Concebida de esta manera –como una rebelión contra la «resolución»–, para Camus la rebelión es un deseo tan inherente al ser humano como pueda serlo la voluntad de dominar a otros. Pero el acto de rebelión, en su propio proceso, pone al descubierto ciertos límites morales comunes a todos los seres humanos: «el hombre ha de rebelarse, pero la rebelión ha de respetar los límites que descubre en sí misma, unos límites en los que los espíritus se encuentran y, al encontrarse, empiezan a existir». El hombre rebelde es un hombre que no ha perdido la memoria, como parecen haberlo hecho los revolucionarios modernos una vez que han derrotado a sus tiranos: oprimidos en su momento, se levantaron contra sus opresores, pero se convirtieron rápidamente en opresores ellos mismos, en cuanto dejaron atrás sus orígenes. En cambio, el pensamiento rebelde «no puede prescindir de la memoria. Es un estado perpetuo de tensión.
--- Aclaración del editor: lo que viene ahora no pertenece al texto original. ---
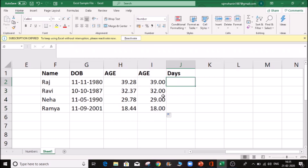If you want to select the whole number, you can select the whole number — so automatically you can select the age. If you want to add 0.28 days, if you want to add 100, it will be 20% in the year. So if you want to add the days, this is the first thing.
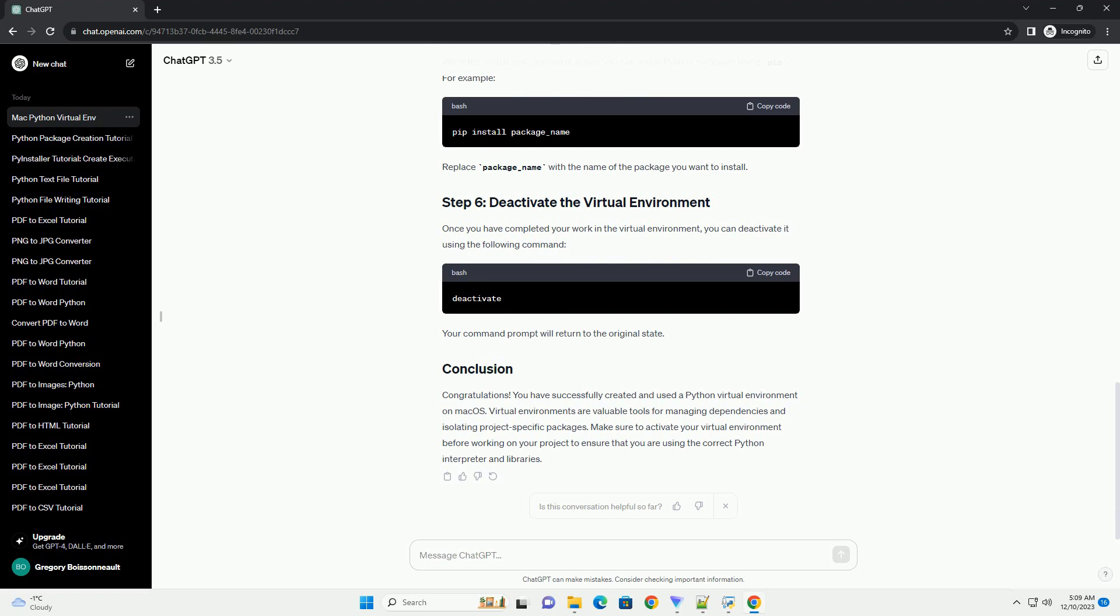Make sure to activate your virtual environment before working on your project to ensure that you are using the correct Python interpreter and libraries.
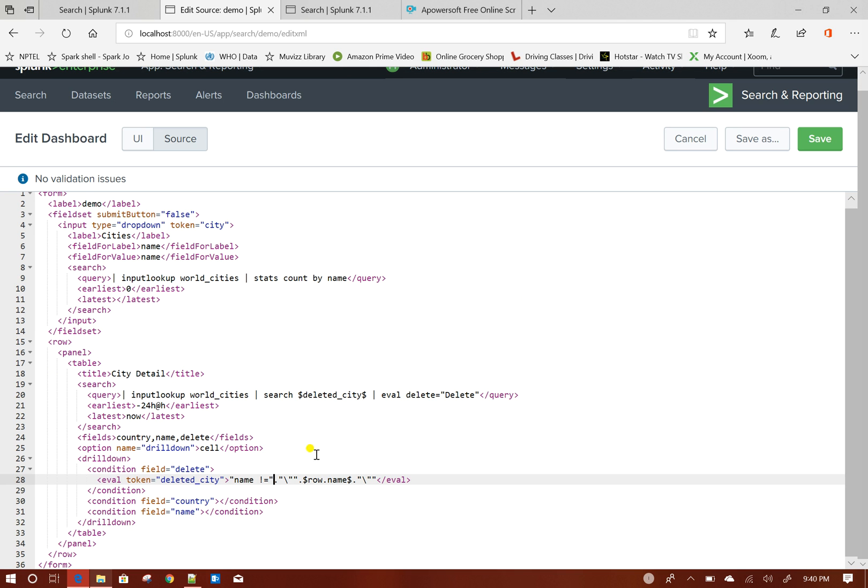So when I click on delete, I am setting a token over here with this format.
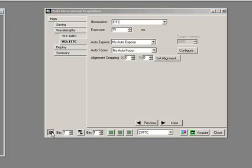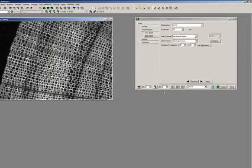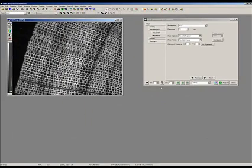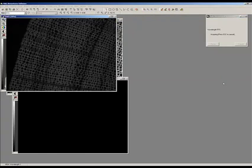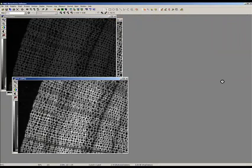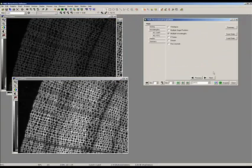So I can now say snap, and I get one picture, which is of the FITC, but if I wanted to take both, I would press the acquire, and that's both saved.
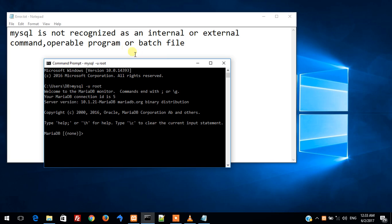MySQL is not recognized as an internal or external command, operable program or batch file. Thanks guys for watching and we will be continuing with the series of removing MySQL errors.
Al estudiar sus acciones y resultados, tiene que decidir […] si permanece fiel a sus nobles promesas o si, por indolencia o a causa de la locura, se olvida de su principal objetivo y se mete en el lodazal de la tiranía y la servidumbre». Al encontrarse con un antiguo camarada que se había afiliado al Partido Comunista Francés, Camus le advirtió: te convertirás en un asesino; «la guerra ya me ha convertido en un asesino», le contestó su interlocutor. «A mí también», dijo Camus, «pero yo ya no quiero ser un asesino»: «Este es el verdadero problema: suceda lo que suceda, yo siempre te defenderé contra el pelotón de fusilamiento. Pero tú te verás obligado a aprobar que me fusilen. Piénsalo» (Robert Zaretsky, p. 117). Pero entonces no había tiempo para pensar. En su misiva de ruptura con Camus, Sartre se enorgullecía de tener los brazos metidos «hasta los codos» en el lodazal de la Historia, como en otro tiempo Hegel también se situaba con delectación (y para escandalizar a su elegante audiencia de «almas bellas») ante toda «la masa concreta del mal». ¿Es que Camus no estaba en ese lodazal? ¿Es que la «facticidad» puede justificar incluso los usos de la libertad que conducen a acabar con ella? Camus se hubiera conformado con una duda, con un titubeo. En esos gestos ya veía un suficiente atisbo de lucidez. Pero no era momento para titubeos.
José Luis Pardo, Albert Camus, o la arena en el engranaje, Revista de Libros, 17/07/2013 [www.revistadelibros.com]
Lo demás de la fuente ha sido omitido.